--- START ---

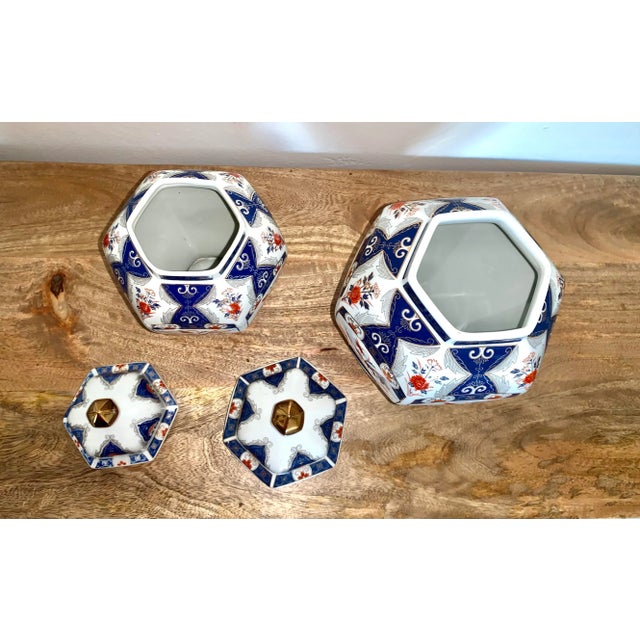 Multicolor Octagon Small Gilt Ginger Jars - Set of Two For Sale - Image 4 of 9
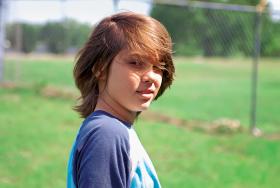 Co ciekawe, Linklater uważa, że wieloletnia praca nad filmem nie wpłynęła na Ellara.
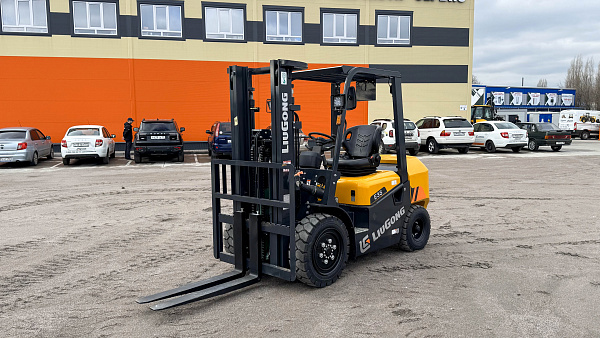 Дизельный вилочный погрузчик LiuGong CPCD35Е (3,5 тонны)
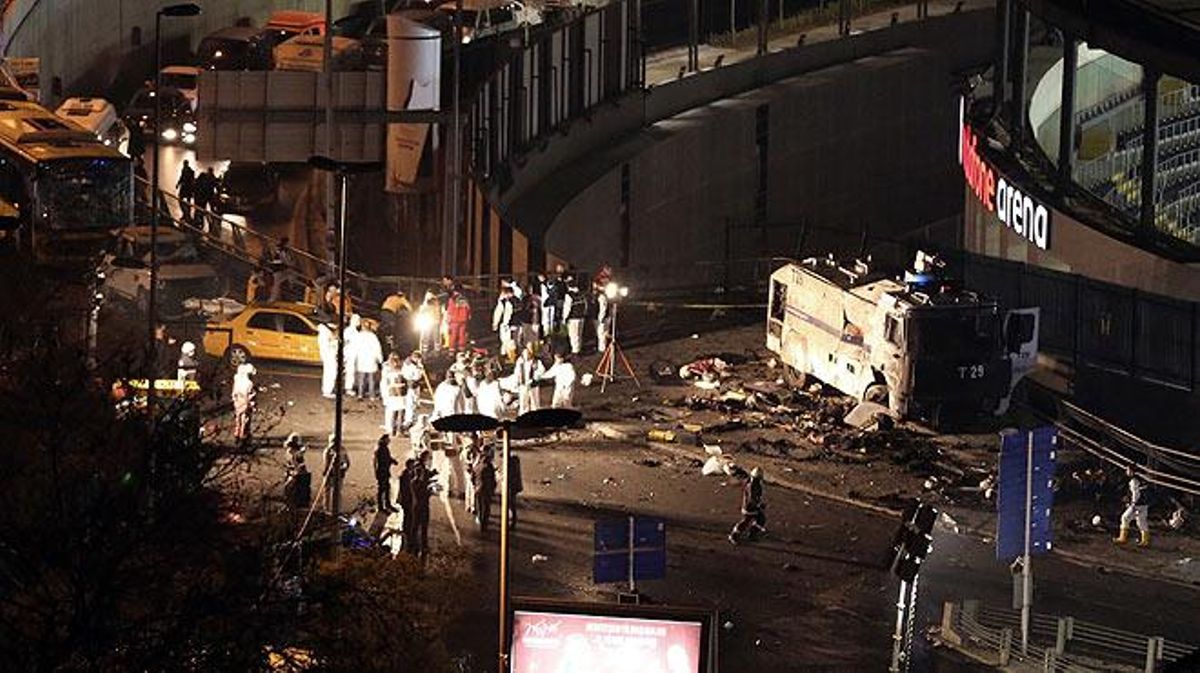 Les càmeres de seguretat capten l’explosió del cotxe bomba a Istanbul.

--- END ---

Each line from the one holding "Дизельный вилочный погрузчик" through the final line of the data needs to be transcribed exactly. Include both ends, skip the pictures, and add nothing.

Response area =>
 Дизельный вилочный погрузчик LiuGong CPCD35Е (3,5 тонны)
 Les càmeres de seguretat capten l’explosió del cotxe bomba a Istanbul.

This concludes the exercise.